WildfiresPilot

This project is an extension to GBDX Notebook Post-Fire Damage Assessment from High Resolution Imagery. This project will provide the following:

Segment image of wildfire and convert to geojson
Script to convert geojson to features for RandomForestClassifier
Script to train the RandomForestClassifier and optionally use hyperparameter tuning

Getting Started

To start, you will need to install Anaconda for Python Notebook with GBDXtools virtualenv or you can work in GBDX Notebooks. To find how to set up gbdxtools locally follow this link: https://github.com/GeoBigData/gbdx-training/tree/master/gbdxtools_module

I also recommend the following:

Python 2.7.15
Pycharm or preferred IDE
QGIS 2.18 or your preferred GIS software
IDAHO Layer QGIS Plugin

Creating Geojsons

Follow my Python Notebook Creating segmented geojson to see how this is done. You may run through it and try out your own CatalogImage.
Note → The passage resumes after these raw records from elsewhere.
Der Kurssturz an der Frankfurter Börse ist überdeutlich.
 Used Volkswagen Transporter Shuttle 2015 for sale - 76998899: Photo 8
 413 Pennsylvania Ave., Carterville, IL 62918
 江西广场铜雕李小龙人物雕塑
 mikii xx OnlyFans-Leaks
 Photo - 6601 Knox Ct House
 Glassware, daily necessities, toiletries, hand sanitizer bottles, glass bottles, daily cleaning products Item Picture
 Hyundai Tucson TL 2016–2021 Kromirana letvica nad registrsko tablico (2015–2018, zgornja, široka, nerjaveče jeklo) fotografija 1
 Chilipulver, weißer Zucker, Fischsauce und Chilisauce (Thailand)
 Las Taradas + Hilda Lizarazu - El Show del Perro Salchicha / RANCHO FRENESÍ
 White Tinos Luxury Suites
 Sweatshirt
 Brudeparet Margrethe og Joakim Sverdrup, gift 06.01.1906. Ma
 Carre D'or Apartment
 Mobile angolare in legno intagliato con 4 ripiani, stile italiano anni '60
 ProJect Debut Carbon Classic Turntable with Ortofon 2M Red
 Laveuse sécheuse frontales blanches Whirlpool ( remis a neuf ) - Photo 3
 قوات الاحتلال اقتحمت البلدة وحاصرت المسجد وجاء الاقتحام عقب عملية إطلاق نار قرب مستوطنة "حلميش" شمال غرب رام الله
This Notebook will give you multiple geojsons, so before heading to next steps, run this with the script Combine_geojsons.py to combine geojsons to one.

python Combine_geojsons.py <directory_path_to_geojsons>

After you have created the geojson, you can optionally view it in QGIS and edit the file to your needs. Relabel polygons as necessary. Use the IDAHO Layer QGIS Plugin to view the geojson layer on the TMS of your wildfire. To find your IDAHO layer check out this link and search for your CatlogImage: https://idaho.geobigdata.io/.

Convert Geojson to Features

This script is used to take the labelled geojson and convert to Numpy array containing the dataset of RSI features. You can also give it a zipped geojson if your remote repository doesn't have capacity for the raw geojson data. The Numpy arrays will be saved out to your specified output directory.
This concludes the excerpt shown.